In [2]:
import numpy as np
import pandas as pd
from sklearn.linear_model import LogisticRegression
from sklearn.naive_bayes import GaussianNB
from sklearn.model_selection import train_test_split
from sklearn.multioutput import MultiOutputClassifier
from sklearn.metrics import accuracy_score

# Load the data and prepare features and labels
df = pd.read_csv('allseasons.csv')
df = df.drop(['Unnamed: 0'], axis=1)

ml_df = df.iloc[:, 11:]
features = ml_df[['Surface_Salinity', 'Bottom_Salinity', 'salt_strat', 'Surface_Temp', 'Bottom_Temp', 'temp_strat']]
labels = ml_df.loc[:, 'Atl_croaker_(nibea98)':'Atl_salmon'].applymap(lambda x: 1 if x > 0 else 0)

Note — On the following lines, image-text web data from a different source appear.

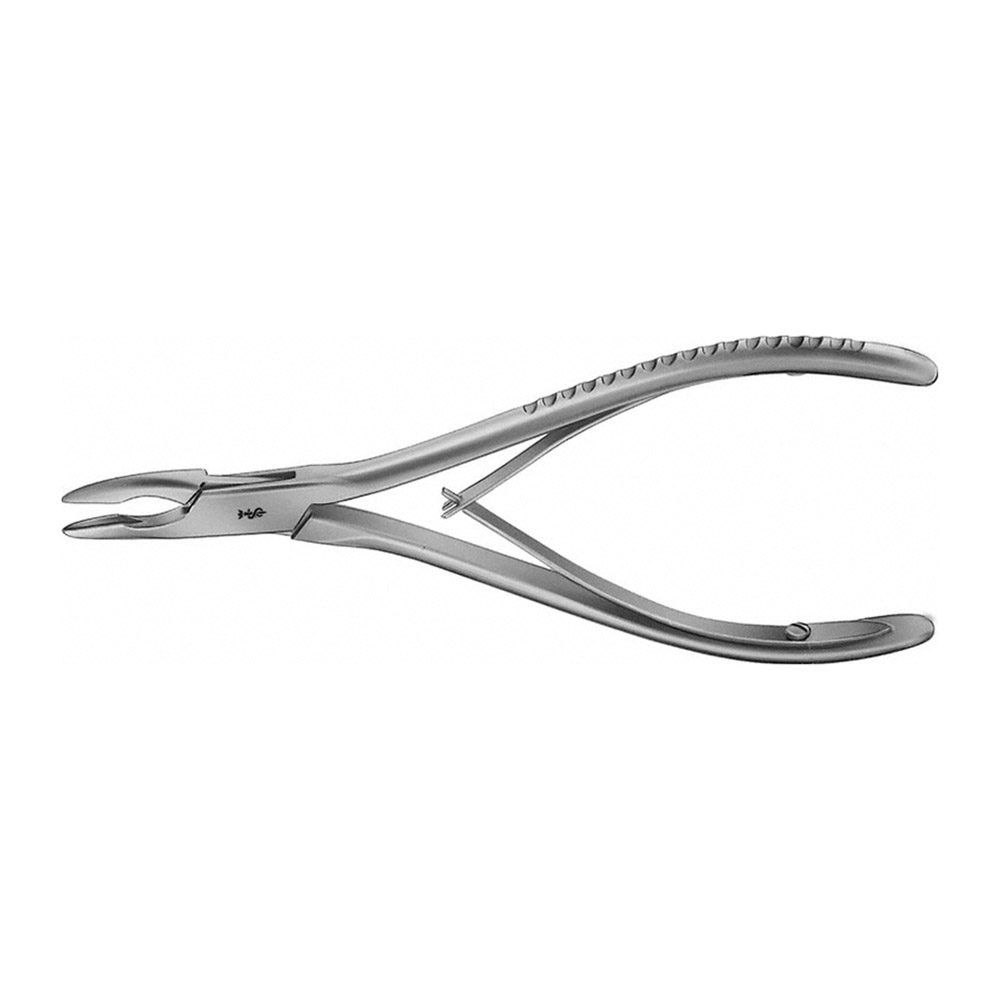 Hohlmeisselzange FO409, Stück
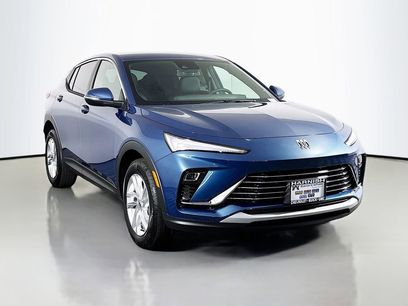 Used 2025 Buick Envista Preferred w/ Convenience I Package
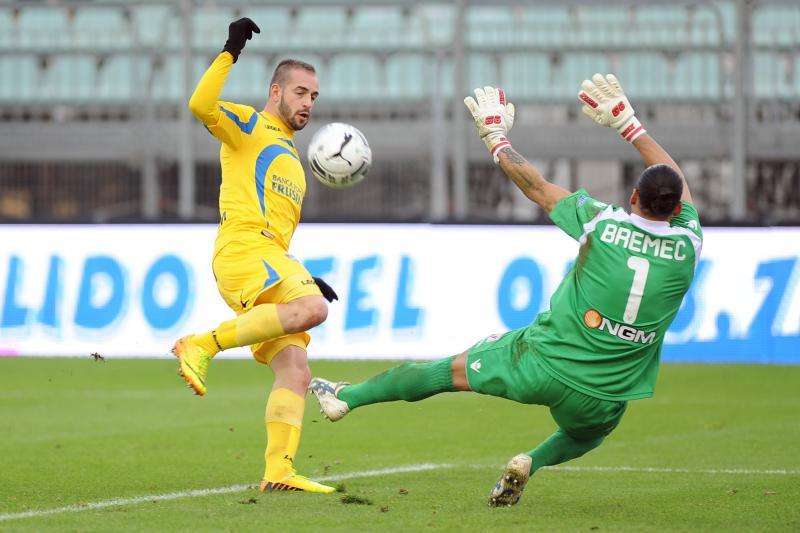 Curiale: "La Casertana? Concede poco, ma il mio Lecce..."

# Split the dataset into training and test sets
X_train, X_test, y_train, y_test = train_test_split(features, labels, test_size=0.3, random_state=109)

# Filter out columns with only one unique value
valid_columns = [col for col in y_train.columns if y_train[col].nunique() > 1]
y_train_filtered = y_train[valid_columns]
y_test_filtered = y_test[valid_columns]

# Train a multi-output classifier with Logistic Regression
# clf = MultiOutputClassifier(LogisticRegression(solver='lbfgs', max_iter=1000))
clf = MultiOutputClassifier(GaussianNB())
clf.fit(X_train, y_train_filtered)
y_pred = clf.predict(X_test)

# Calculate accuracy for each label
accuracies = {}
for i, col in enumerate(valid_columns):
    accuracies[col] = accuracy_score(y_test_filtered.iloc[:, i], y_pred[:, i])

# Calculate overall accuracy
overall_accuracy = sum(accuracies.values()) / len(accuracies)

# Print the results
for species, accuracy in accuracies.items():
    print(f'Accuracy for {species}: {accuracy:.4f}')

print(f'Overall accuracy: {overall_accuracy:.4f}')


Accuracy for Atl_croaker_(nibea98): 0.8846
Accuracy for Bay_anchovy: 0.9615
Accuracy for Black_drum_or_Spot: 0.7692
Accuracy for Black_sea_bass: 0.8462
Accuracy for Brd_striped_anchovy: 0.8077
Accuracy for Little_tunny_or_skipjack_tuna: 0.8462
Accuracy for Nor_sea_robin: 0.9615
Accuracy for Scup: 0.7308
Accuracy for Smallmouth_flounder: 0.6154
Accuracy for Southern_kingfish(nibea95): 0.5769
Accuracy for Str_sea_robin: 0.5769
Accuracy for Summ_flounder: 0.6923
Accuracy for Summ_flounder99a: 0.5385
Accuracy for Weakfish_Cyn: 0.8077
Accuracy for Windowpane_flounder: 1.0000
Accuracy for Am_butterfish: 0.8846
Accuracy for Atl_chub_mackerel: 1.0000
Accuracy for Frigate_or_bullet_tuna: 0.9231
Accuracy for Giant_trevally99: 0.8077
Accuracy for Hogchoker_trinectes: 0.7308
Accuracy for Nor_kingfish: 0.7308
Accuracy for Red_White_or_Spotted_hake: 0.8846
Accuracy for Spanish_mackerel: 0.9231
Accuracy for Tautog: 0.6538
Accuracy for Thread_herring: 0.8077
Accuracy for Atl_menhaden_LS16_or_river_her